The Santa Ana, the dry autumnal wind that develops in the Mojave desert and sweeps over Los Angeles, famously makes people go mad. Trust Hollywood to invent a nonmeteorological variation of the desert breeze that induces the same sort of madness right through the winter: awards ceremonies, with impossible-looking people in mad gowns and suits, so many of whom in the last decade have won Oscars for playing mentally ill or mentally disabled people. When, one wonders, will Hollywood’s infatuation with madness ever end?

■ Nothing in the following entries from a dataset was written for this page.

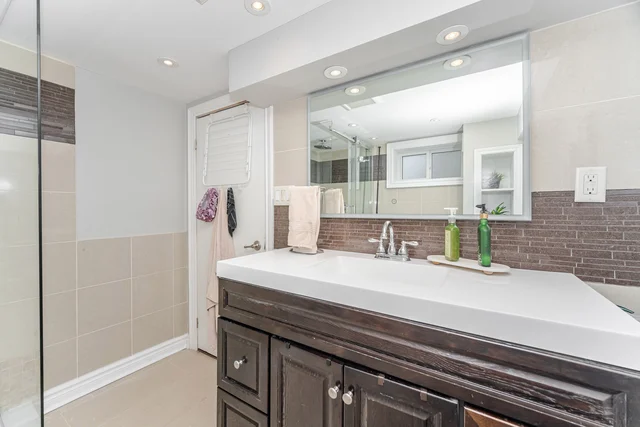 600 Ridgeway Avenue, Oshawa - photo 44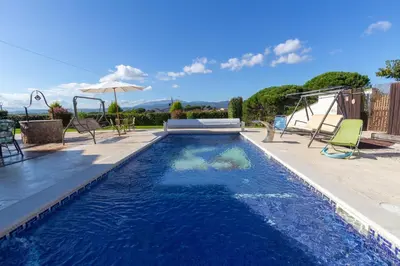 Piscina en o cerca de Catalunya Casas Beautiful villa just 25 km from the beach of Lloret de Mar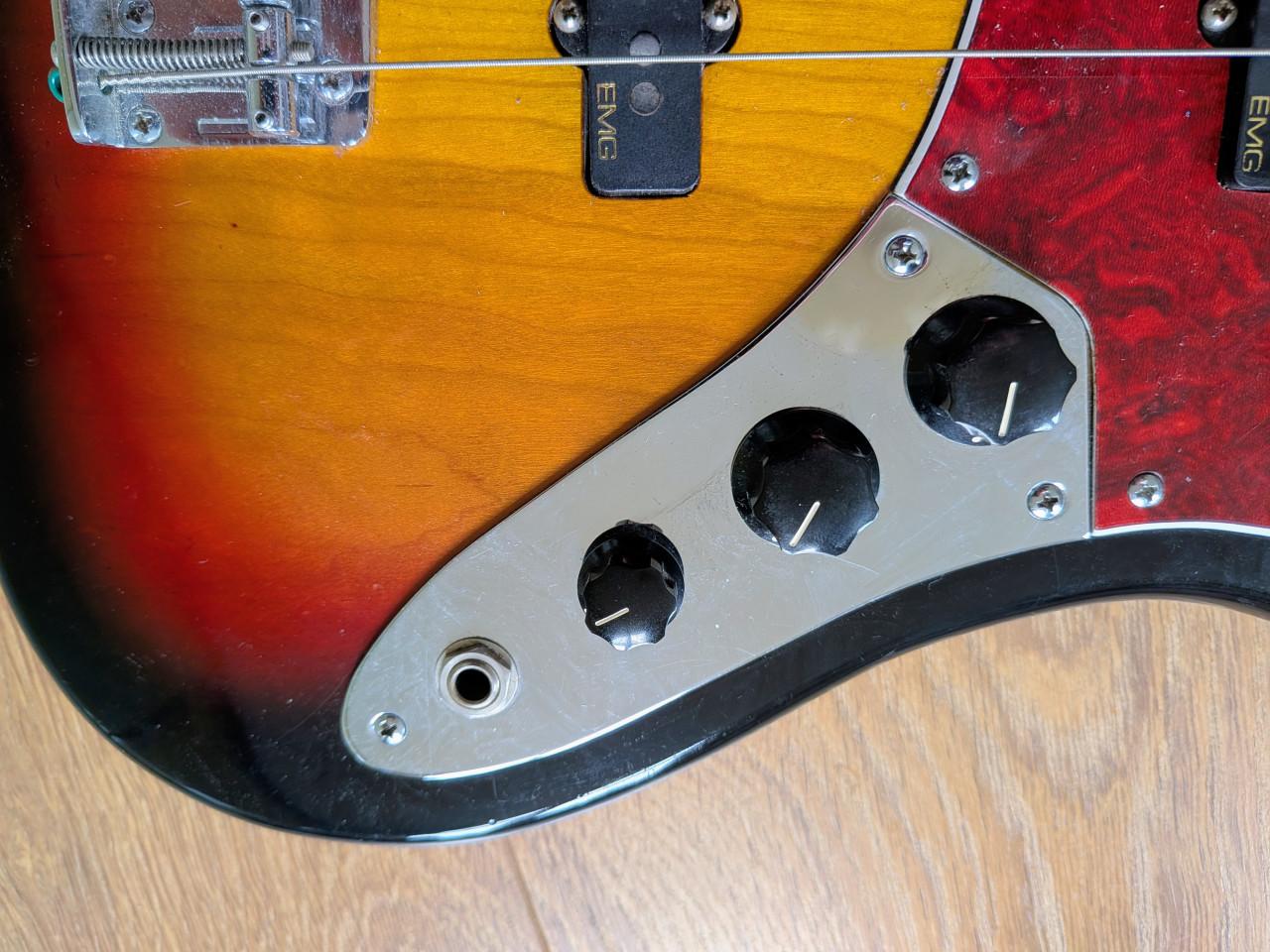 Professionele jazz-bass guitar, bouwer Sjak Zwier,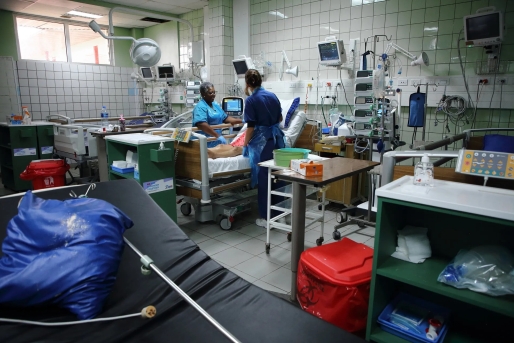 Een van de afdelingen in het Academisch Ziekenhuis Paramaribo, waar het personeel ondanks tekorten aan alles een „geweldige prestatie” levert. Foto Ranu Abhelakh Een van de afdelingen in het Academisch Ziekenhuis Paramaribo, waar het personeel ondanks tekorten aan alles een „geweldige prestatie” levert. Foto Ranu Abhelakh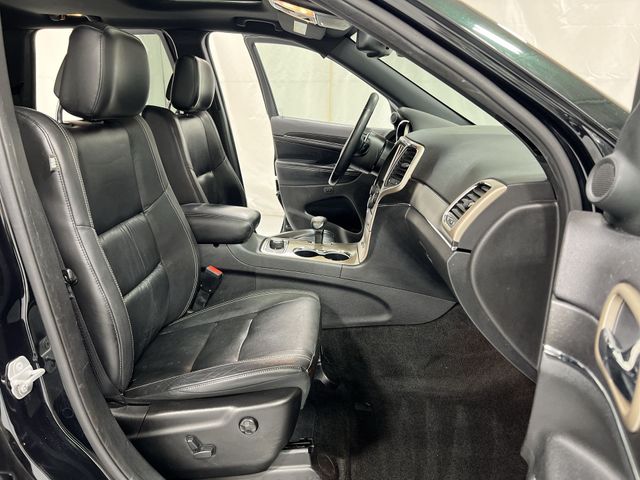 Thumbnail: 2015 Jeep Grand Cherokee - 32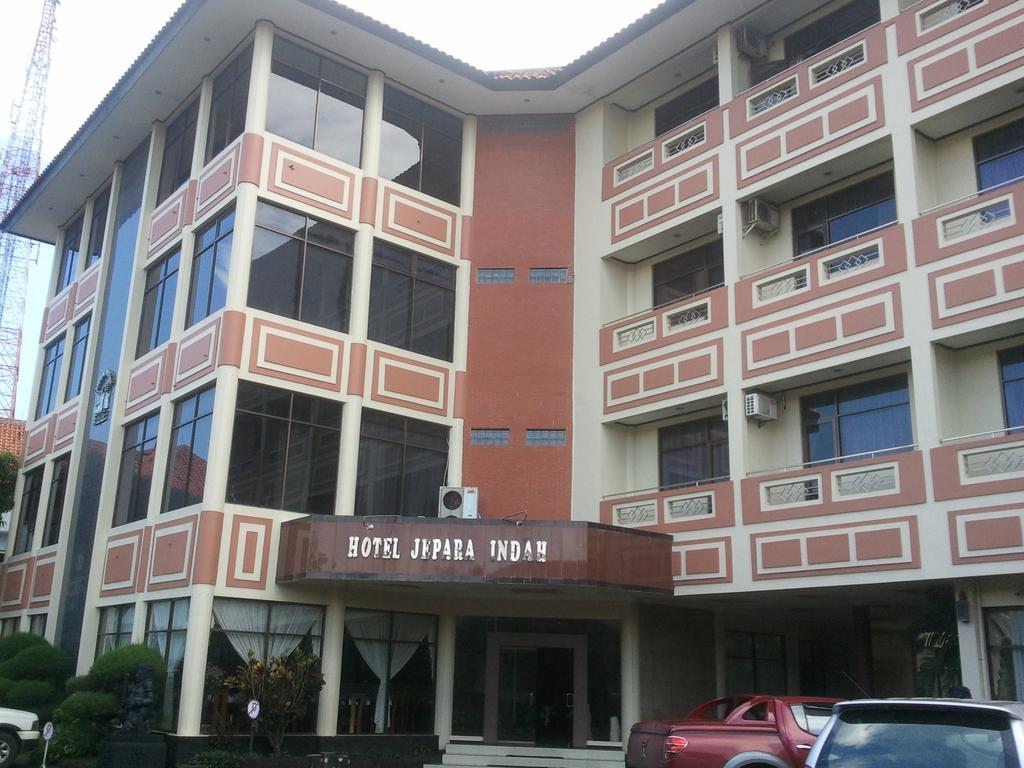 Jepara Indah Hotel Екстериор снимка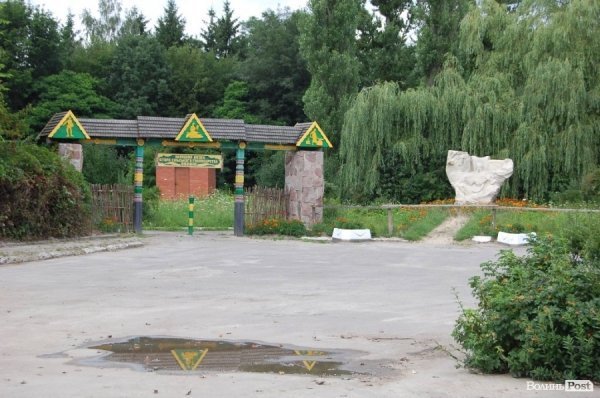 До ставка звідси - праворуч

No other country more than Britain willingly subjects itself to the annual Hollywood madness. An American Academy award given to a British film is invariably used as an occasion to celebrate Britain, as if it were being bestowed on a nation rather than an individual. This is a form of madness itself. Who can forget Colin Welland, who wrote the screenplay for Chariots of Fire, exclaiming after he won his Oscar in 1982, “The British are coming”? Welland, of course, didn’t mention that Britons had won as many Oscars the previous year, even though these were for technical skills rather than for acting, producing, directing, or writing. The point about Chariots of Fire was that it was a film about Britain—this country’s sense of fair play and its class system. Welland’s euphoria was explained by the amazing fact that an American award had been bestowed on a very British movie. Had that black Ealing comedy The Ladykillers (starring Alec Guinness in 1955), won an Oscar, one can’t imagine he would have the made the same remark. Nor would it have been plausible for the director of Shine, another movie about a gifted but disturbed man (played by Oscar-winner Geoffrey Rush), to have said, “The Australians are coming.”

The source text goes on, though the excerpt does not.